Monday, August 13, 2012

Where are the jobs?

Chairman Ryan's opening salvo as VP candidate was to tell voters to ask President Obama "Where are the jobs?"

What he didn't say--but obviously wanted to think--were these propositions:

1. That America's President is responsible for employment in America--not Congress, not world economic events like the Euro crisis, not events in the states (many controlled by Republican legislatures and governors, though those are preoccupied with vote suppression and banning abortion instead of working on the economy), not the courts. So apparently the Republicans believe the American President is actually a king with term limits, and nothing the Republicans in the Senate have to block Presidential initiatives and appointments and Democratic legislation has had the slightest effect on joblessness.

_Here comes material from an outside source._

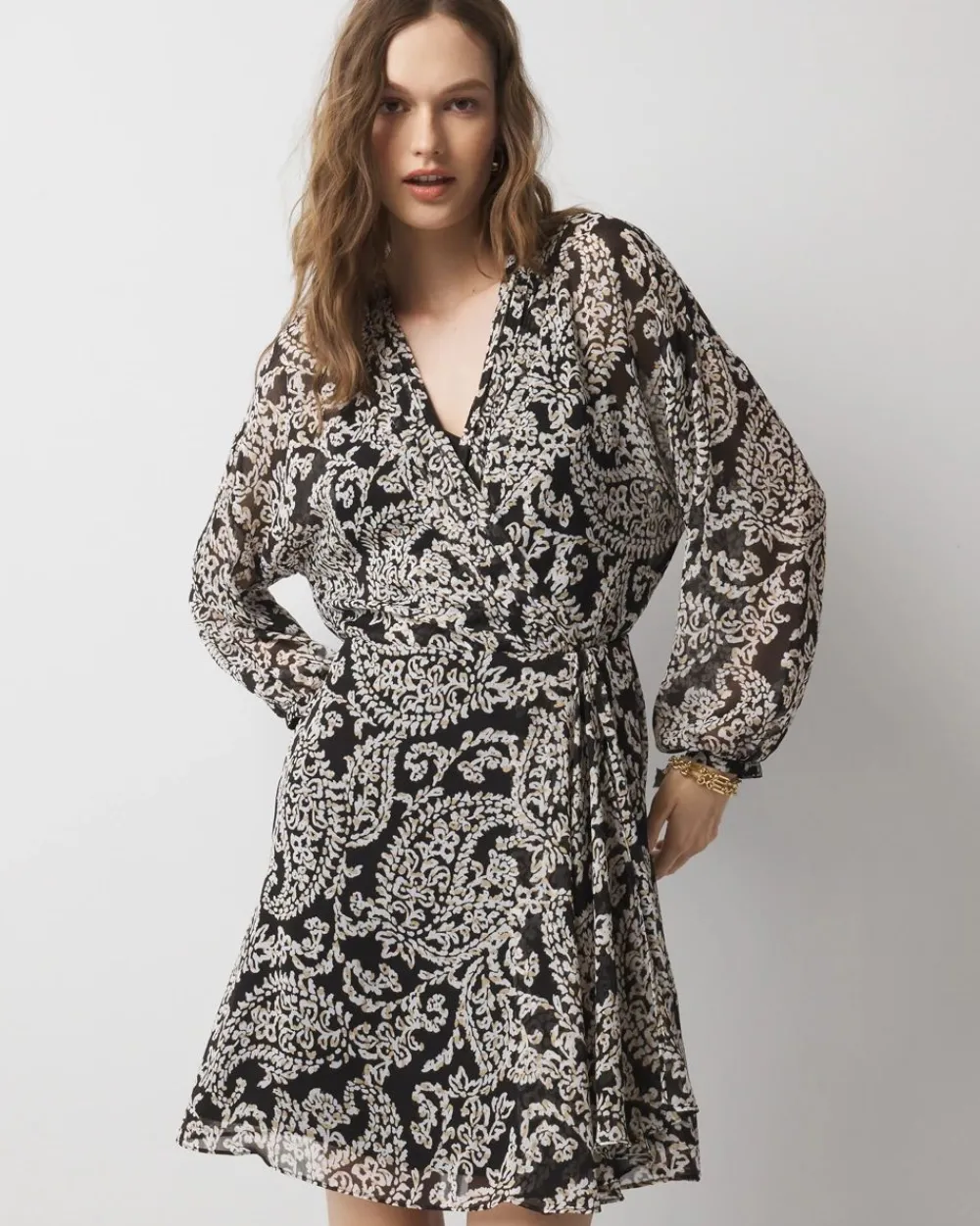 Chiffon Surplice Mini Dress*White House Black Market Online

2. That when a president takes office, nothing the previous administration and Congress did has any effect on joblessness during the current president's term. The idea that the Republicans handed the Democrats a problem so huge it would take 20 years to solve, then gave the Democrats a year to do so--while fighting the Democrats' efforts every inch of the way? Inconceivable, to quote one of my favorite characters from Princess Bride.

3. That world events outside the control of any American president or legislature have no effect whatsoever on joblessness in this country.

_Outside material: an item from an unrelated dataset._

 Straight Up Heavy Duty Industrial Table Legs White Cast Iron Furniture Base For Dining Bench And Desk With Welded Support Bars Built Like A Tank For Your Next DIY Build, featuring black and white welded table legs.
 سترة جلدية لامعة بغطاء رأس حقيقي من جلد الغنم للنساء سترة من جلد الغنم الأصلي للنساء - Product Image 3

4. That the current level of joblessness isn't a vast improvement on what it would be if the Republicans had won the last election. You're supposed to compare current joblessness with the lowest rate of unemployment at the height of the last boom, not with what the actual alternatives are now during the recession and deficit the Republicans handed President Obama.

5. That we actually have a parliamentary system, in which the country's chief executive is always a member of the party with a majority in congress, without our Senate's rules that let a minority throw sand in the gears of majority efforts. In such a system the country's chief executive and his or her party can ram through whatever legislation they want; they OWN the government and they're responsible for what happens in the country (always with the proviso that even in parliamentary systems a new government's first hand is the one the other side dealt them coming in, and no nation is an island (so to speak).

In our system the president has a huge bully pulpit and considerable leeway in foreign affairs, but domestically he's actually more like Administrator in Chief than a parliamentary system's Prime Minister. Even when the president's party has a majority in both houses of Congress, it's still nearly impossible to make anything happen or get anyone appointed unless the president's party has not just a majority in the Senate but over 60 votes--and even then they can be daunted by ability of the Republican Party to mount lavishly financed hits on any Congressman at any time--like just before an election, too late to mount a counterattack.

My advice: turn over the Republican's rocks and shine a flashlight on what's scurrying around in the dark.